C'est pourquoi tous les préjugés et attentes subconscients que j'aurais pu avoir à son égard n'ont tout simplement pas survécu.
Ce matériel non programmé fait partie d'une histoire plus vaste, qui a commencé de manière plutôt innocente à partir du matériel Accuphase P-4500/C-2150 publié ici. Deux ou trois jours après sa sortie, un distributeur local m'a appelé pour me demander si j'étais intéressé par le métier à tisser anniversaire de Siltech, alors que le matériel japonais était encore chez moi. Comme ma feuille de route estivale me le permettait, j'ai accepté l'idée d'enchaîner avec l'article sur le Crown Princess et d'indiquer que son frère, le Crown Prince, était le suivant dans la file d'attente. Entre-temps, j'ai entendu une histoire assez intéressante sur le pouvoir causal d'un spécimen un peu plus ancien et relié au réseau électrique, le Triple Crown, d'augmenter substantiellement le rang de tout produit qui l'accompagne de telle sorte qu'en fin de compte, l'effet serait meilleur qu'un appareil de niveau supérieur de même type, mais alimenté par un cordon d'alimentation qualitativement plus mauvais. Tout cela et le contact assez régulier avec des composants à courant alternatif ont fourni une nourriture nutritive pour la réflexion, bien que consommée avec plus qu'un grain de sel. Bien sûr, la politesse exigeait d'écouter mon interlocuteur avec attention, mais à travers un épais filtre de journaliste. Ce filtre se met en place surtout lors des entretiens avec les représentants de la distribution et s'amplifie dès qu'il est question de produits similaires à ceux d'aujourd'hui. Dans de telles circonstances, aucune histoire ne peut être prise telle quelle, pas même la plus intéressante, ce qui a fait de l'enquête privée entre mes quatre murs la seule voie sensée à ce stade. Un mot en a amené un autre et c'est ainsi que les deux prêts de la Triple Couronne m'ont été envoyés.
L'accessibilité du Siltech Triple Crown et la gentillesse de son représentant local mises à part, trois raisons essentielles se cachent derrière cette mission. La première est le fait qu'il n'y a pas plus de trois ans, je n'aurais pas été capable d'écrire quoi que ce soit de constructif sur un tel objet. À l'époque, tout ce que j'aurais pu écrire aurait été un poème pauvre en informations, mais vraisemblablement fleuri, disant que c'est joli.
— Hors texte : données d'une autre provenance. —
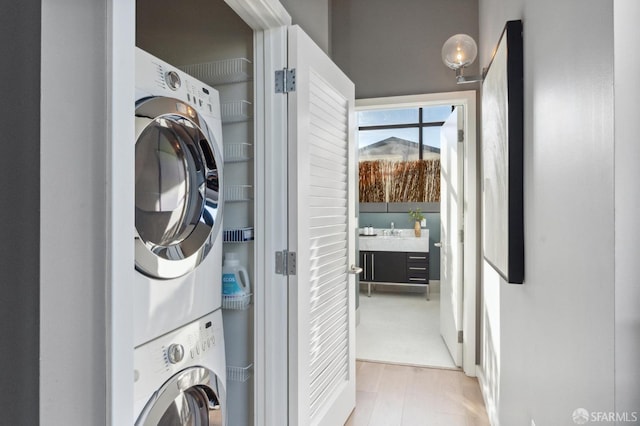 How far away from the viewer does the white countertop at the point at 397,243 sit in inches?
215

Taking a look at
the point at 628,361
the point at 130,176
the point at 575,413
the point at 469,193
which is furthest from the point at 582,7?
the point at 469,193

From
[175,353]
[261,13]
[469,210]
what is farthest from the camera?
[469,210]

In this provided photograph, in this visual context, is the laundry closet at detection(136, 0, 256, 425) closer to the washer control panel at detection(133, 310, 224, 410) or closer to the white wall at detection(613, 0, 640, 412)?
the washer control panel at detection(133, 310, 224, 410)

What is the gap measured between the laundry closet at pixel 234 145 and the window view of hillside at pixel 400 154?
4278 millimetres

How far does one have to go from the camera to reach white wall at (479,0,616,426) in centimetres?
77

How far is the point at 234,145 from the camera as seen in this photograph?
1783 millimetres

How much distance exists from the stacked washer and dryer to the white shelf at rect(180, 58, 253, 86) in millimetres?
272

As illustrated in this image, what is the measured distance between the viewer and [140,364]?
114 centimetres

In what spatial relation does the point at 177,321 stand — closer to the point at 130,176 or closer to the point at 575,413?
the point at 130,176

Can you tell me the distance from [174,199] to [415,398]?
2140mm

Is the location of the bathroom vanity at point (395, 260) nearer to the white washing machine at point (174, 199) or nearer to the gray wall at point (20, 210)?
the white washing machine at point (174, 199)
Plusieurs aventures avec du matériel de ce type qui se sont produites depuis, m'ont aidé à comprendre son apport et son efficacité chez moi, dans la plupart des cas supérieure à celle des câbles d'interconnexion ou des câbles d'enceintes. La suite, c'est la rencontre avec Sven Boenicke en novembre 2017. Nous sommes d'accord sur de nombreux points, des choses similaires nous plaisent et je tiens toujours compte de ses retours. Lors du show local, l'homme a utilisé son prototype d'ampli alimenté via le Siltech Triple Crown, et pour exprimer ses louanges envers ce dernier, je devrais utiliser un vocabulaire considéré comme inapproprié. En tout cas, le Suisse au visage impassible n'a pas caché son affection pour le produit hollandais, ce qui m'a convaincu. Enfin, après mon propre voyage à bord du Crown Princess, la question de la performance de l'un ou l'autre de ses parents les plus coûteux était inévitable. On peut dire que cette curiosité prévisible m'a conduit à l'étage supérieur de Siltech. Puisque son représentant en puissance a émergé à l'horizon et aucun autre, c'était le meilleur scénario possible pour moi.

Construire
Deux boîtes étonnamment grandes et rigides sont arrivées, toutes deux revêtues de similicuir et dotées de mécanismes d'ouverture basés sur des aimants invisibles joliment incorporés. Chaque sac en velours de qualité contenant un article était doté d'une petite pochette conçue pour accueillir un insert contenant tous les accessoires : une carte de garantie avec hologramme, une notice détaillée manuscrite, un manuel et un petit livre sur les étapes importantes de la famille Triple Crown. L'intérieur de chaque boîte était recouvert d'une mousse joliment découpée pour correspondre précisément au plat principal. J'ai trouvé l'ensemble de l'emballage attrayant et il a certainement fallu un certain temps à quelqu'un pour créer une première impression aussi agréable. Même si tout cela a été enfermé dans un tiroir ou une cave peu de temps après l'extraction de l'article clé, je peux dire que cela a duré des années. Probablement pendant des années, je peux vous en faire part dès aujourd'hui.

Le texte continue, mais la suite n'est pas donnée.